Why do you come to this Blog?

Saturday, September 19, 2015

Weird fears: microagression/racism

I hear it all the time. The word I don't fully understand, and I don't think I ever truly will. Even as a part of certain minority and discriminated groups, I still don't understand.

Microagression

What is it, really? Sometimes when people scream "Microagression" it seems to me as someone bridging their own ignorance through asking questions instead of making assumptions, or living in a world of tongue biting curiosity. It's not aggression, but a true acknowledgement of their own ignorance.


What makes me question this: three things.

The man who raped me was Asian. (actually he was half Korean, half white, but his features were defiantly Asian.) Ever since him, I have had flashbacks whenever I imagine becoming intimate with an Asian. Even seeing a half naked Asain man is enough to pull a knot into my stomach and tears from my eyes. It's disheartening. It makes me disgusted with myself. I judge people based on their appearance, based on their race, based on something beyond their control. It makes me feel guilty. I have many friends who are Asian, some of whom I could see me having a meaningful relationship with. I just couldn't get beyond my own issues, and honestly, I don't even want to try reopening old wounds. 

I'm bi. And even Asian women will set me off. There was one Asian girl I had a big crush on. I just knew I couldn't be with her because of this guttural reaction. Another one of my guy friends who is half Asian had a crush on me. I knew it. I admired him, but I just couldn't get past the feelings inside.

Is that microagression? is that overt racism? I don't know. I just know it's not going to go away without a lot of time, effort, and tears.

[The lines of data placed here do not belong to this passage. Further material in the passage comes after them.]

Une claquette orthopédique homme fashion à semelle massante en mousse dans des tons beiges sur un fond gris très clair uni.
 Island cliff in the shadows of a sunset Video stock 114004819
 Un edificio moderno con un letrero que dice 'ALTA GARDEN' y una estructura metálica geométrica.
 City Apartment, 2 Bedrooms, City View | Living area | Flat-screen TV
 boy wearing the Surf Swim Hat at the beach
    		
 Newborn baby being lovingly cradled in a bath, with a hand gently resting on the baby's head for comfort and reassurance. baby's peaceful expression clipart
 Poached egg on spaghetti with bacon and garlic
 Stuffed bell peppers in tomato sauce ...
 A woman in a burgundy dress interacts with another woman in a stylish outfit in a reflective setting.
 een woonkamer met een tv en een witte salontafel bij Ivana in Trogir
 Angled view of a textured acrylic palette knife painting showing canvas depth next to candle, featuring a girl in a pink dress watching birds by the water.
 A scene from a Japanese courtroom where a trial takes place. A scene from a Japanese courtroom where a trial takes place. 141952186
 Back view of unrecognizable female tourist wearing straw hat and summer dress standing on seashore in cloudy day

I love afros, kinky-curls, cornrows, weaves, and all aspects of Black hair care. I think it is the most cool and unique thing on the planet. I wish I had the ability to grow an afro, or just crop it short and leave that beautiful black silhouette against my skin. Even better, I would grow dreadlocks without being seen as a dirty hippy. I have so many questions about black hair care. I just was not raised in a culture where black haircare was mentioned. (Exept in Orchestra where I learned from my black classmates and teacher that a Pocahontas weave takes two packs of hair) I keep my mouth shut even when I have burning questions. I want to learn how to do such beautiful braids. But I keep my hands to myself. I don't want to offend anyone with my obsession. (Black skincare, tattoos, and sun care are also things that burn inside me)

I love cultural clothes. Saris, Kimonos, Hanbaks, African tribal patterns. Oh my gosh, I love it all! I wish I could be half as beautiful as my Pakistani friend who wears her Saris so often. The looks like a fucking princess! The bright colors and flowing fabrics make my mouth water. Seeing a woman in a kimono, loving how the obi both matches and is set apart by the fabric of the yukata, wondering how they walk in such strange shoes, and wishing for that experience makes my heart ache. Have you seen a proud black woman with her geometric patterned dress and her hair piled high on her head wrapped in a scarf that is so unique and beautiful. Whenever I see a hijjab on the street I want to stare so badly. It's so beautiful. And it's not just limited to people of color either. The Mennonite ladies in my community always wear the most beautiful dresses. Knowing that they are handmade, and seeing the most subtle beautiful patterns as well as the different style of head coverings makes me ache with desire. But I hold back. Because I don't want to insult the people whose culture it represents.

Yeah. That's what I got. I'm just a pathetic little white girl who wants to question, and immerse myself in a culture without insulting anyone. I don't know if it's considered microagressions or racism, or what, but I'm just putting my fears out there as a method of coming to terms with them. As a method of self discovery.

I don't know, but all this thinking has exhausted me.